En 1726 Jonathan Swift publicó en forma anónima sus después famosos “Viajes de Gulliver”. Al estilo de los relatos de viajeros tan de moda en esos siglos (XVII-XVIII) la ficción se adentra, en rigor, en la crítica de las costumbres y, con mordacidad, ironía y sarcasmo las diversas narraciones van desnudando las habituales medianías de la humanidad.
Desde sus incursiones por Liliput (el país de la gente menuda), pasando por Brodingnag (el continente de los gigantes), hasta llegar a la región de los Houyhnhnms (comarca donde los equinos son los seres racionales y los “yahoo” aparecen como equivalentes al hombre pero en estado de degradación), el autor describe unas sugestivas paradojas en los extraños individuos que se suceden a lo largo de sus (muchas veces) grotescos relatos.
En particular resulta llamativo su extenso viaje al reino de Laputa gobernado por un rey absoluto desde una isla flotante y cuyos extensos dominios terrestres están sometidos al influjo de sabios y academias promotores del progreso y (diríamos ahora) las más sofisticadas tecnologías. En este plano Swift ha incursionado (sin proponérselo) en el ámbito de la ciencia-ficción, pero dentro de unas contenidas coordenadas filosóficas.

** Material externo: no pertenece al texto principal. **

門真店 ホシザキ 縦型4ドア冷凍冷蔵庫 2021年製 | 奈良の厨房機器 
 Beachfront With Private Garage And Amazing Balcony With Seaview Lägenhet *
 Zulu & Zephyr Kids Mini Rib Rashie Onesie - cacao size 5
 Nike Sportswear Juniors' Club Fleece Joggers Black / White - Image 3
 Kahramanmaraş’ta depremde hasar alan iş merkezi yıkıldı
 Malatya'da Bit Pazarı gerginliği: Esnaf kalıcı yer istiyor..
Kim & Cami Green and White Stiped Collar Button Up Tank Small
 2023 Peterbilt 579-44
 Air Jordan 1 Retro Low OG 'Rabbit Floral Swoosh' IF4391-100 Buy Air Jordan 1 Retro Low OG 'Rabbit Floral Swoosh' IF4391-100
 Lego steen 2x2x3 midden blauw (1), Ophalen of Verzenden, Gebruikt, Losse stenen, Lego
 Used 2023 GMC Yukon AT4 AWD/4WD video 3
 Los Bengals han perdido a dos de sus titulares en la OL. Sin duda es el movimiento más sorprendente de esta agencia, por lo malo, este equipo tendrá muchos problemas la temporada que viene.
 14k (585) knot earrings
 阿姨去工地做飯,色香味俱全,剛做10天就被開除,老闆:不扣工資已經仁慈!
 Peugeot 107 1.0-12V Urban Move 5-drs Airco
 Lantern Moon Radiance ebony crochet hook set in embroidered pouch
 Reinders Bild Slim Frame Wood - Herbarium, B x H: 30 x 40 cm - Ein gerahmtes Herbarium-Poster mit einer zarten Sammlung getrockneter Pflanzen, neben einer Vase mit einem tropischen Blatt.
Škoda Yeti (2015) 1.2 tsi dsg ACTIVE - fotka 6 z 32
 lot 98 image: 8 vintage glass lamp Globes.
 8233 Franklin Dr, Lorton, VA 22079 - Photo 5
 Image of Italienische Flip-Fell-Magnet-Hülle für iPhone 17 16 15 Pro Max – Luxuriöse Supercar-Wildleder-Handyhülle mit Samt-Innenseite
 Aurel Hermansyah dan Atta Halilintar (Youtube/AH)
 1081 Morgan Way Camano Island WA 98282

Es en Lagado (capital de Laputa) donde Gulliver (el viajero) apunta la existencia de las tales academias “de proyectistas”, sorprendentes sujetos empeñados en la “construcción” de un universo “progresista” absolutamente desconectado del tiempo, del sentido y de la experiencia.
No me resisto (en este bochornoso verano que transcurrimos) a transcribir para los lectores de “El Cóndor” este sabrosísimo fragmento sobre la condición y actividades de dichos “iluminados”:
“Hacía unos cuarenta años subieron a Laputa para resolver negocios, o simplemente por diversión, ciertas personas que, después de cinco meses de permanencia, volvieron con un conocimiento muy superficial de matemáticas, pero con la cabeza llena de volátiles visiones adquiridas en aquella aérea región. Estas personas, a su regreso empezaron a mirar con disgusto el gobierno de todas las cosas de abajo y dieron en la ocurrencia de transformarlo todo: artes, ciencias, idiomas y oficios. A este fin se procuraron una patente real para erigir una Academia de proyectistas en Lagado; y de tal modo se extendió la fantasía entre el pueblo, que no hay en el reino ciudad alguna de importancia que no cuente con una de esas academias. En estos colegios los profesores discurren nuevos métodos y reglas… con ellos responden de que un hombre podrá hacer la tarea de diez, un palacio ser construido en una semana… y todo fruto de la tierra llegar a madurez en la estación que nos interese elegir y producir cien veces más que en el presente… El único inconveniente consiste en que todavía no se ha llevado ninguno de estos proyectos a la perfección; y, mientras tanto, los campos están asolados, las casas en ruinas y la gente sin alimentos y sin vestido. Todo esto, en lugar de desalentarlos, los lleva con cincuenta veces más violencia a persistir en sus proyectos… (En cambio mi guía) se había dado por contento con seguir los antiguos usos, vivir en las casas que sus antecesores habían edificado y proceder como siempre se procedió… sin innovación alguna. Algunas otras personas de calidad y principales habían hecho lo mismo; pero se las miraba con ojos de desprecio y malevolencia, como enemigos del arte, ignorantes y perjudiciales a la república, que ponen su comodidad y pereza por encima del progreso general de su país…”.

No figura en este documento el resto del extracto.